The first five questions and the observers' initial answers were as follows:

Q#1. Each time you move your eyes, do you see any dots or flashes? Results: 74/75 (99%) initially responded "yes."

Q#2. Each time you move your eyes do you see only one dot or more than one dot? Results: 73/75 (97%) initially responded "more than one."

Q#3. Do all the dots appear at one point in space or do they appear to be spread out? Results: 72/74 (97%) initially responded "spread out."

Q#4. Is the spatial arrangement of the dots that you see random or regular; that is, do you see a shapeless cluster of dots, or a regular pattern such as a dotted line? Results: 72/74 (97%) initially responded "a dotted line."

Q#5. Is the dotted line vertical as in up and down or horizontal as in side to side?
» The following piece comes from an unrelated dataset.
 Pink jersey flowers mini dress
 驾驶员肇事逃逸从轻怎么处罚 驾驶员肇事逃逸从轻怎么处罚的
Results: 72/74 (97%) initially responded "horizontal."

One observer never reported being able to see more that one dot during any given eye movement (i.e., twice he answered Q#2 in a noncongruent manner). Another observer, who had initially answered each question (Q#1-Q#5) in a manner congruent with seeing a horizontal row of dots, insisted that she was no longer able to see the phenomenon when it came time to answer Q#6. Both of these observers were dismissed. Thus, the number of observers going on to Q#6 was 73.
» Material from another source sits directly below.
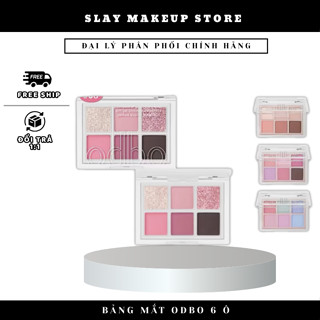 [HỎA TỐC]ODBO Bảng phấn mắt và má hồng ODBO 6 ô Màu Nhũ Lì Eye Blush CRUSH Signature  Eyeshadow Palette Thái Lan OD276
Do Naive Observers See SEQUENCE?

Once the experimenter was sure that an observer was reliably seeing a horizontal row of dots during every saccade, he then determined whether or not the dots in the row appeared to materialize in a regular sequence opposite the direction of the saccade (SEQUENCE). The experimenter accomplished this by reading Instruction #2 to the observer, followed by three more forced-choice questions, Q#6, Q#7, and Q#8.
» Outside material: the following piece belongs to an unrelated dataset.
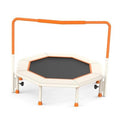 Orange mini trampoline with padded safety frame and black octagon bounce mat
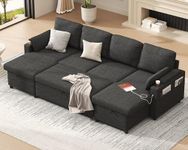 DURASPACE Sofa Bed Pull Out Sleeper Couch with Double Storage Chaise, Sectional Couches for Living Room, Convertible U Shaped Sofa with Removable Covers (Dark Gray)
Instruction #2: Now I would like for you to look as far to the right as possible then as far to the left as possible while keeping your head still. Continue to do this at a steady pace until you can answer the following question. (Insert the appropriate question here.)

Instruction #2 was designed to accentuate the phenomena being investigated by these three questions. If, for Q#6, Q#7, or Q#8, an observer selected the response that was noncongruent with seeing the horizontal row materialize in a regular sequence opposite the direction of the saccade, the experimenter noted this, skipped the rest of the questions in this section, and proceeded to Q#9-Q#11, which were not dependent on the observer's answers to Q#6 through Q#8. However, after asking those questions (Q#9-Q#11), the experimenter reread Instruction #2, and returned to the particular question to which the observer had initially given a noncongruent answer (Q#6, Q#7, or Q#8) a second time. This circuitous procedure was followed in order to minimize the probability of the observer simply switching his or her response to satisfy the experimenter, as might be expected if a question had been repeated immediately following a noncongruent answer. If after returning to this section the observer still gave the noncongruent response, the experimenter recorded this and marked the remaining questions of this section as not answered (NA). However, if the observer now gave a congruent answer to this question, he or she was asked the remaining questions in the section as well.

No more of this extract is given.